Thermodynamic data are essential as input to models that attempt to interpret the geochemistry of environmentally important elements such as arsenic. Unfortunately, the data for mineral phases of arsenic and their aqueous solubilities have been inadequately evaluated. This paper presents the results of a simultaneous, weighted, least-squares multiple regression on 77 thermochemical measurements of elemental arsenic, arsenic oxides, arsenic sulfides, and their aqueous hydrolysis products. These data were selected from a search of several hundred papers. To test the compatibility of the thermodynamic data with observations in nature, the resultant values for free energy, enthalpy, entropy, and heat capacity are used to derive mineral stability relationships for native arsenic, claudetite (As2O3), arsenolite (As2O3), orpiment (As2S3), and realgar (AsS) using pe-pH diagrams and known occurrences and transformations in the environment. Claudetite is the stable arsenic trioxide phase under standard state conditions and transforms to arsenolite below about –33oC. Both claudetite and arsenolite form as weathering products of arsenopyrite, realgar, and native arsenic but arsenolite is the metastable phase at earth’s surface conditions.
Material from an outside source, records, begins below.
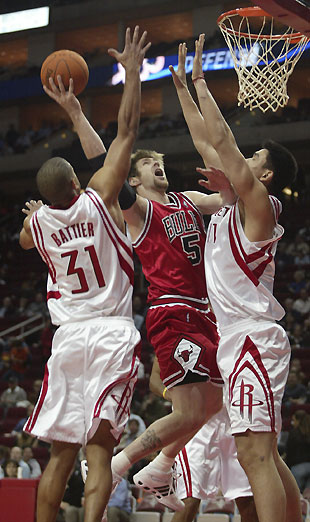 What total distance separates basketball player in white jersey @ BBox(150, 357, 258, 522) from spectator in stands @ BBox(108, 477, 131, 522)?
390 centimetres

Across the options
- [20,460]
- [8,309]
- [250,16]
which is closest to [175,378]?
[250,16]

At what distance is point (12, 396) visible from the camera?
14609mm

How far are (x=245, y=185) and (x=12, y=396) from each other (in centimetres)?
1076

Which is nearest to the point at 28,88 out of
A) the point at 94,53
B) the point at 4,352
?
the point at 94,53

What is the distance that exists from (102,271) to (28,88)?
23.2 metres

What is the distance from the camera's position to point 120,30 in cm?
2778

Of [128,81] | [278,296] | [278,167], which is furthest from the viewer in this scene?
[278,296]

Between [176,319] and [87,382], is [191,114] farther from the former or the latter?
[87,382]

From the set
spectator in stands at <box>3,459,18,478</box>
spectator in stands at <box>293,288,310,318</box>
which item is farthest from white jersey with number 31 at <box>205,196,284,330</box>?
spectator in stands at <box>293,288,310,318</box>

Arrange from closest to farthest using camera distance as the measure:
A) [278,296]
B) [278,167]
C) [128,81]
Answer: [128,81] → [278,167] → [278,296]

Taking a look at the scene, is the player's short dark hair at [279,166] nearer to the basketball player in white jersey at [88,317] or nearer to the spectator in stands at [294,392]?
the basketball player in white jersey at [88,317]

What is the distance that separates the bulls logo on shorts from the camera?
525 cm

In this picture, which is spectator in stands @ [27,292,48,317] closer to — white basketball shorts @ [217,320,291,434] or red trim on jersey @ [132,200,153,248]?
red trim on jersey @ [132,200,153,248]

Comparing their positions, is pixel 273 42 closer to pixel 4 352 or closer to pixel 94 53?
pixel 4 352
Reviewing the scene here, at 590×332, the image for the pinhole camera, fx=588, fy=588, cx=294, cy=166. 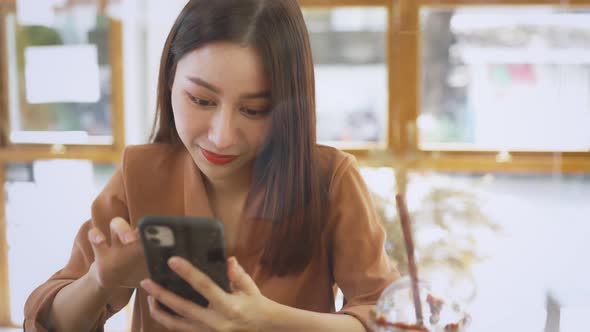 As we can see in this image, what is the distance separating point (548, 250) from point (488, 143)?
0.97ft

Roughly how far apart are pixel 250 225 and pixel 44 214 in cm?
23

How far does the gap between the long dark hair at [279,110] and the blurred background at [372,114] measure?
3 cm

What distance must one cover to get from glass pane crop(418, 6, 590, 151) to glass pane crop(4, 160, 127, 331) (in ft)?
1.11

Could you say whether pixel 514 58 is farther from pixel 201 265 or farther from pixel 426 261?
pixel 201 265

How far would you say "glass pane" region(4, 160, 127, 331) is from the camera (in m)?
0.59

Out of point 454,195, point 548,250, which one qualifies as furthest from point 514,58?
point 548,250

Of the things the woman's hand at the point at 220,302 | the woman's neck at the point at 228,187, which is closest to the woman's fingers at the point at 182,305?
the woman's hand at the point at 220,302

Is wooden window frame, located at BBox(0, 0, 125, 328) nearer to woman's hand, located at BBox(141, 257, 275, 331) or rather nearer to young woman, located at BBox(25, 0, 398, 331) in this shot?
young woman, located at BBox(25, 0, 398, 331)

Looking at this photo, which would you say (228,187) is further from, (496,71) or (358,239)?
(496,71)

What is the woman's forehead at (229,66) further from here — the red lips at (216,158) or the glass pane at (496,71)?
the glass pane at (496,71)

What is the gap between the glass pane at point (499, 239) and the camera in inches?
23.5

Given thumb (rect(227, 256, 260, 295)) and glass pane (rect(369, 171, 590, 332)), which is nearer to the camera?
thumb (rect(227, 256, 260, 295))

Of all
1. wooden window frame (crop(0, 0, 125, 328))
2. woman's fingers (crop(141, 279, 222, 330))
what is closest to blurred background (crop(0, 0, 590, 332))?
wooden window frame (crop(0, 0, 125, 328))

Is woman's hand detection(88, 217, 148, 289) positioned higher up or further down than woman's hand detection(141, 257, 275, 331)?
higher up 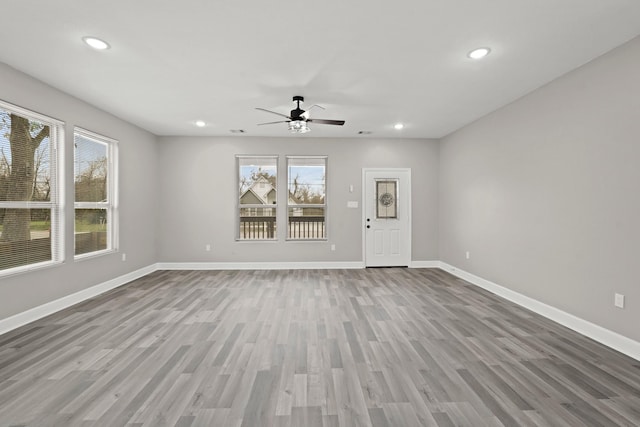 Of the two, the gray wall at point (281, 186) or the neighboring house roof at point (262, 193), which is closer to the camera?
the gray wall at point (281, 186)

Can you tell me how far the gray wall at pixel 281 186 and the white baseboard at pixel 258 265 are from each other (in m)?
0.09

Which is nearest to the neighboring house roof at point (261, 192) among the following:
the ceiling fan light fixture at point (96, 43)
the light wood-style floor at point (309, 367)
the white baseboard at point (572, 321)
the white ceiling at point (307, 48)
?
the white ceiling at point (307, 48)

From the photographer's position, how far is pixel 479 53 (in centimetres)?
287

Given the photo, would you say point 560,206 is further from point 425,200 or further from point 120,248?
point 120,248

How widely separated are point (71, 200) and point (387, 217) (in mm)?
5359

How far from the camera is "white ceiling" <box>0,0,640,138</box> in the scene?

At constant PS2, realgar and native arsenic become increasingly more stable than orpiment with increasing temperature. Realgar has two polymorphs, pararealgar and alacrinite, but thermodynamic data are not available for them. A new pe-pH diagram shows the relative stabilities of As2O5, claudetite, orpiment, realgar and arsenic in the As-S-O system at 298.15 K and 1 atm. Native arsenic is only stable under very strong reducing conditions but is more stable at higher temperature. This critical evaluation of published data for selected arsenic species provides much more consistent data for geochemical modelling and the interpretation of geochemical processes involving arsenic in the environment.